Here's my attempt at a counterxample. Because I'm self studying I want to make sure I'm not ingraining any bad habits or mistakes in my attempts at the exercises, so bear with me on what is I'm sure a simple question.
Attempt: Let $X = \R \times \R$ under lexicographic order in the order topology, and let $Y = \R \times \{1\}$. Notice that $Y$ is neither a ray or interval in $\R$, it is the collection $\{(a,1) \mid a \in \R\}$ and hence is neither of the form $\{x \times y \mid a \times b < x\times y< c\times d\}$ for some $a\times b,c\times d \in \R\times \R$ or $\{x\times y \mid a \times 1 < x \times y\}$ or $\{x\times y \mid a\times 1 >x\times y\}$. But $Y$ is convex.

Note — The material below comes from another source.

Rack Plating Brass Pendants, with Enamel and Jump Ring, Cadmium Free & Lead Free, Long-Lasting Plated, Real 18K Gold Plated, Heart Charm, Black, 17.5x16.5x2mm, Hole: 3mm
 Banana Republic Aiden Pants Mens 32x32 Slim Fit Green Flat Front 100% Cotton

Indeed for any $(a,1)<(b,1) \in Y$ the interval $(a \times 1, b \times 1)$ of $X$ consists of all tuples $(c,1)$ for which $a<c<b$ which is certainly contained in $Y$.
I had seen some other discussions and figured that since my proof wasn't one of the standard ones there I might be making a mistake somewhere. Granted I found the lexicographic order difficult to work with, so that might be the issue. Thanks in advance for the clarification.
$\newcommand{\R}{\mathbb{R}}$ As hinted at by user $0$XLR, the counterexample can be changed by letting $Y = \{1\} \times \R$ and this will work as intended. This subset is clearly neither a ray or interval in $\R$ , but this set is in fact convex unlike my first example. For any $(1,a) < (1,b)$ in $Y$, the interval $(1 \times a, 1\times b)$ of $\R$ consists of all the tuples $1 \times c$ where $a<c<b$, because the first coordinate agrees and we are in the lexicographic order topology. These points $1 \times c$ are now certainly contained in $Y$, and we have a convex subset of $Y$ which is neither a ray or interval as desired.